In addition, defendant argues that the trial court erred in allowing the State to use the same convictions as the underlying offenses in both habitual felon indictments. We disagree. Atleast twice before this Court has visited the issue, and decided that defendants' rights were not violated by using the same underlying convictions to support current and subsequent habitual felon indictments. See State v. Creason, 123 N.C. App. 495, 497- 98, 473 S.E.2d 771, 771-72 (1996) (stating that defendant's second habitual felon indictment, allegedly based on the same underlying offenses used in a previous habitual felon indictment, did not violate defendant's right against double jeopardy); State v. Smith, 112 N.C. App. 512, 517, 436 S.E.2d 160, 162 (1993) ("[D]efendant argues that once certain underlying convictions are used to convict an individual as an habitual felon, those same convictions may not be used again to enhance another conviction.

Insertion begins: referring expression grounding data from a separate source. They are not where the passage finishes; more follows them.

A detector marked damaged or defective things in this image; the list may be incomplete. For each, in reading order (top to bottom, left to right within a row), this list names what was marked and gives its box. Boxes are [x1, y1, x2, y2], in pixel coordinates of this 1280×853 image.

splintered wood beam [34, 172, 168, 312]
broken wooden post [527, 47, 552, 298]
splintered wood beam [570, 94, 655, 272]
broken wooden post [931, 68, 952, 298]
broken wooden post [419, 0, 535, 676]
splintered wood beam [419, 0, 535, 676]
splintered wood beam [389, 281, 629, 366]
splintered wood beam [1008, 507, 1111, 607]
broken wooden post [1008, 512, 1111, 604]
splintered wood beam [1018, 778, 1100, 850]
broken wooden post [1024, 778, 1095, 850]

We do not agree."). This assignment of error is overruled.
III.
    Last, defendant argues that the trial court erred by sentencing defendant to 151-191 months, claiming that this sentence is an incorrect application of the statutory sentencing guidelines. Specifically, defendant argues that because the previous assault convictions used to establish habitual misdemeanor assault are substantive elements of the offense, it is double jeopardy to include those offenses in determining his prior record level. For the following reasons, we agree with defendant and remand for resentencing.

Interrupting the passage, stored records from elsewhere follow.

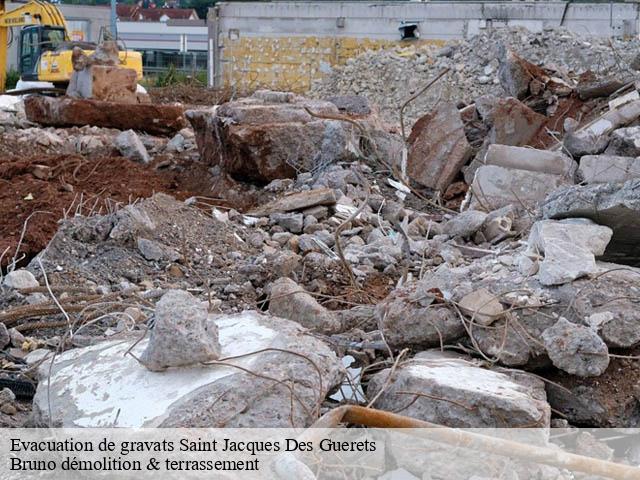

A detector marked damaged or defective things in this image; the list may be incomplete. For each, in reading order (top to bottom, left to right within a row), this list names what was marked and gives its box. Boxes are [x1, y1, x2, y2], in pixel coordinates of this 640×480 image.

damaged wall [210, 0, 640, 92]
broken slab [25, 96, 185, 136]
broken slab [248, 188, 338, 217]
broken slab [408, 102, 472, 192]
broken slab [464, 164, 568, 211]
broken slab [482, 145, 576, 179]
broken slab [524, 220, 616, 286]
broken slab [544, 178, 640, 264]
broken slab [576, 156, 640, 184]
broken slab [141, 288, 221, 372]
broken slab [33, 312, 344, 428]
broken slab [268, 278, 342, 334]
broken slab [368, 348, 552, 428]
broken slab [540, 318, 608, 378]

In case number 00 CRS 057958, defendant was indicted for habitual misdemeanor assault. The indictment alleged that on 2 November 2000, defendant did unlawfully, willfully, and feloniously [] assault and strike Madeline Ann Schumacher, a female person, by grabbing her on her arm and hitting her in her face and head. The defendant is a male person and was at least 18 years of age when the assault and striking occurred. The defendant has been previously convicted of five or more prior misdemeanor convictions, at least two of which were assaults.

N.C.G.S. § 14-33.2 (2001), defines habitual misdemeanor assault as:
    A person commits the offense of habitual misdemeanor assault if that person violates any of the provisions of G.S. 14-33(c) or G.S. 14-34 and has been convicted of five or more prior misdemeanor convictions, two of which were assaults. A person convicted of violating this section is guilty of a Class H felony.

In State v. Smith, 139 N.C. App. 209, 213, 533 S.E.2d 518, 520, appeal dismissed, 353 N.C. 277, 546 S.E.2d 391 (2000), this Court noted that the language of the habitual misdemeanor assault statute reads very similar to language contained in N.C.G.S. § 20-138.5, the habitual impaired driving statute.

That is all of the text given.